Apr 19, 2026 · 16 min read · DevOps

Chaos engineering

In this series (11 parts)

Your load tests pass. Your capacity plan looks solid. But what happens when an availability zone goes down? When a downstream API starts returning 500s? When DNS resolution fails for 30 seconds?

Chaos engineering answers these questions by breaking things on purpose, in a controlled way, before they break on their own.

The origin story

In 2010, Netflix migrated to AWS and faced a new reality. Cloud infrastructure fails. Instances disappear. Networks partition. Instead of hoping failures would not happen, they built Chaos Monkey, a tool that randomly terminated production instances during business hours.

The idea was counterintuitive. Break things on purpose to build confidence that the system survives real failures. It worked.
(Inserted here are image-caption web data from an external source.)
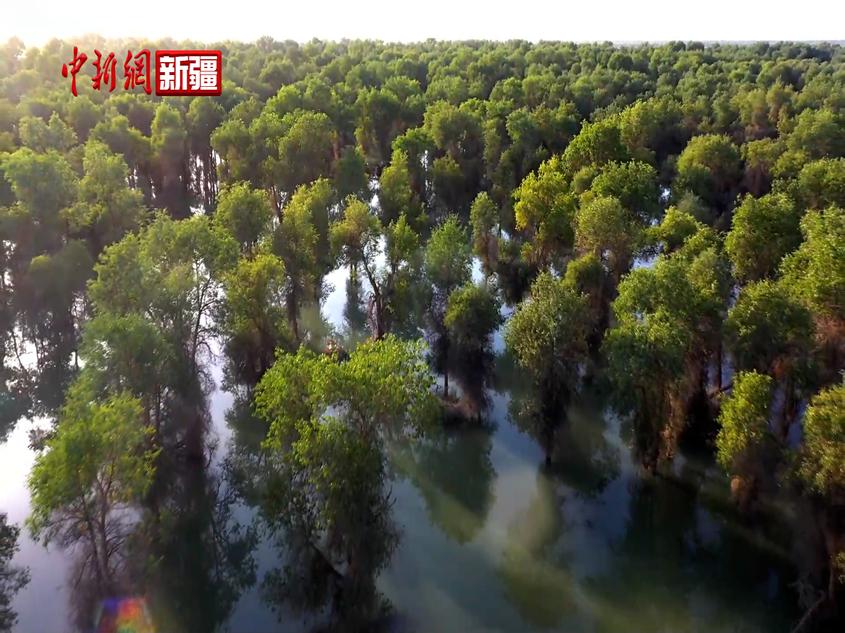 新疆沙雅：生态治理科学引洪 百万亩胡杨林“畅饮”塔河水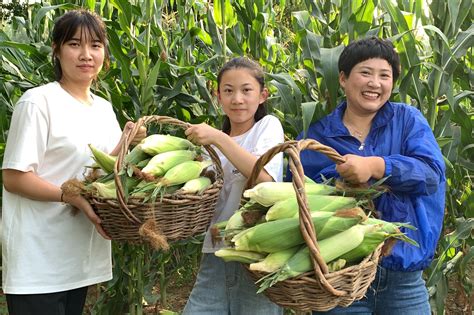 玉米什么时候传入中国，玉米原产地在哪，为何玉米会传入中国- 历史故事_赢家娱乐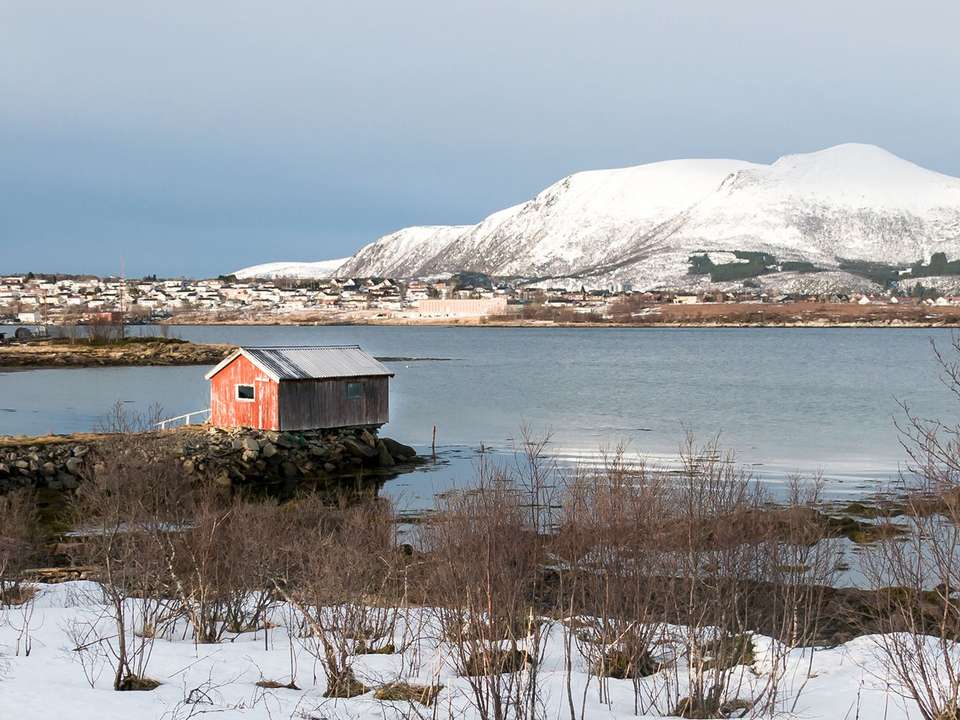 Lofoten & Tromso Discovery - 7 days - On The Go Tours - Norway - Image 3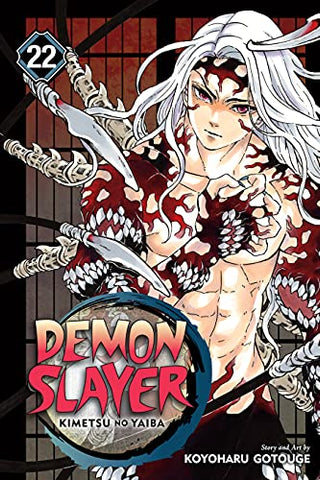 Demon Slayer Vol 22 (Online Order Only)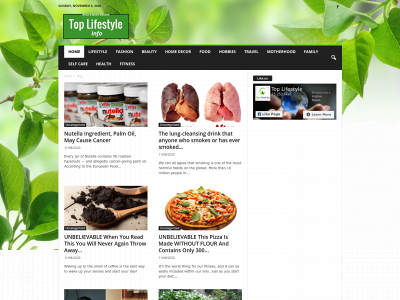 toplifestyleinfo.com snapshot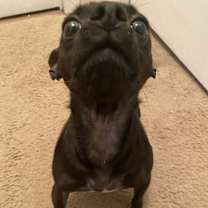 Thumbnail photo of Mojo #2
Netflix engineers designed services to tolerate instance loss because they knew Chaos Monkey would test them.

This evolved into the Simian Army: Chaos Monkey for instance failures, Latency Monkey for network delays, Chaos Gorilla for availability zone outages. The underlying principle became a discipline: chaos engineering.

Chaos engineering is hypothesis testing

Chaos engineering is not random destruction. It follows the scientific method.

You start with a hypothesis about how your system should behave during a specific failure. You design an experiment to test that hypothesis. You observe the results. You either confirm the hypothesis or discover a weakness to fix.

The difference between chaos engineering and breaking things randomly is the hypothesis. Without it, you are just causing outages.

The steady-state hypothesis

Before you can test resilience, you need to define what “normal” looks like. This is your steady-state hypothesis.

Pick metrics that represent normal system behavior:

Request success rate above 99.9%
P95 latency below 300ms
Order processing rate between 50 and 70 per minute
Error rate below 0.1%

Your experiment’s goal is to verify that these metrics stay within acceptable ranges during the injected failure. If they do, the system is resilient to that failure mode. If they do not, you found something to fix.

Experiment design

Every chaos experiment has five components.

1. Hypothesis

State what you expect to happen. Be specific.

“When we terminate 1 of 3 instances in the checkout service, the overall error rate will stay below 0.5% and P95 latency will stay below 500ms because the load balancer will route traffic to the remaining instances.”

A vague hypothesis like “the system should be fine” gives you nothing to measure against.

2. Method

Define exactly what failure you will inject. Common injection types:

Failure type	What it tests	Example
Instance termination	Redundancy and failover	Kill 1 of N pods
Network latency	Timeout handling	Add 500ms delay to API calls
Network partition	Split-brain handling	Block traffic between services
Dependency failure	Circuit breaker behavior	Return 500s from a downstream API
Resource exhaustion	Graceful degradation	Fill disk to 95% capacity
DNS failure	Fallback resolution	Block DNS for a service

3. Blast radius

Define the scope of impact. Start as small as possible.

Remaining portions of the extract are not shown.